Information provided

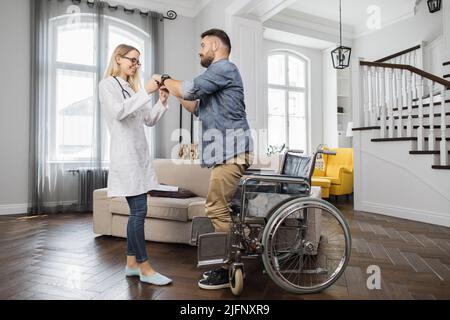 Jeune thérapeute positif aidant l'homme beau barbu à se lever du fauteuil roulant à la maison confortable. Un homme satisfait commence à sentir des muscles dans les jambes tout en essayant de marcher. Banque D'Images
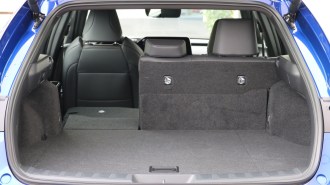 2023 Lexus UX 250h F Sport rear cargo with seat folded.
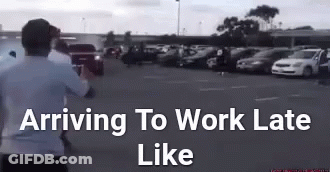 Man Running In Parking Lot Saying Arriving To Work Late GIF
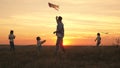 Dad with children plays with kites at sunset in the park. Outdoor family game. Daddy and healthy daughters are launching Royalty Free Stock Photo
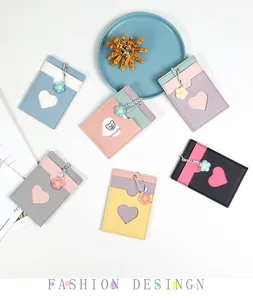 Close-up of colorful PU leather card holders with heart window and floral bead chains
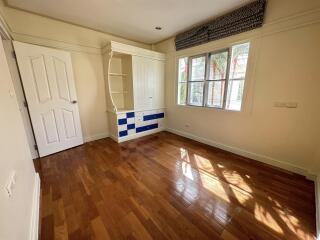 Bedroom with hardwood floors and built-in storage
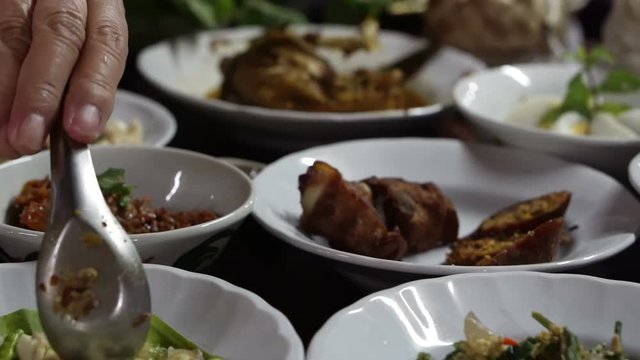Hands eating set of Northern Thai food together video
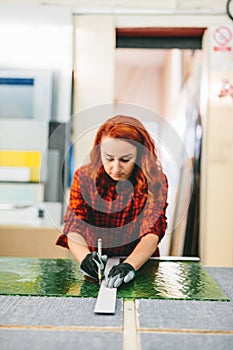 Glazier woman worker cutting glass in workshop. Industry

Directions
Every line above should be copied exactly, apart from any pictures.

Answer for this exercise
 Jeune thérapeute positif aidant l'homme beau barbu à se lever du fauteuil roulant à la maison confortable. Un homme satisfait commence à sentir des muscles dans les jambes tout en essayant de marcher. Banque D'Images
 2023 Lexus UX 250h F Sport rear cargo with seat folded.
 Man Running In Parking Lot Saying Arriving To Work Late GIF
 Dad with children plays with kites at sunset in the park. Outdoor family game. Daddy and healthy daughters are launching Royalty Free Stock Photo
 Close-up of colorful PU leather card holders with heart window and floral bead chains
 Bedroom with hardwood floors and built-in storage
Hands eating set of Northern Thai food together video
 Glazier woman worker cutting glass in workshop. Industry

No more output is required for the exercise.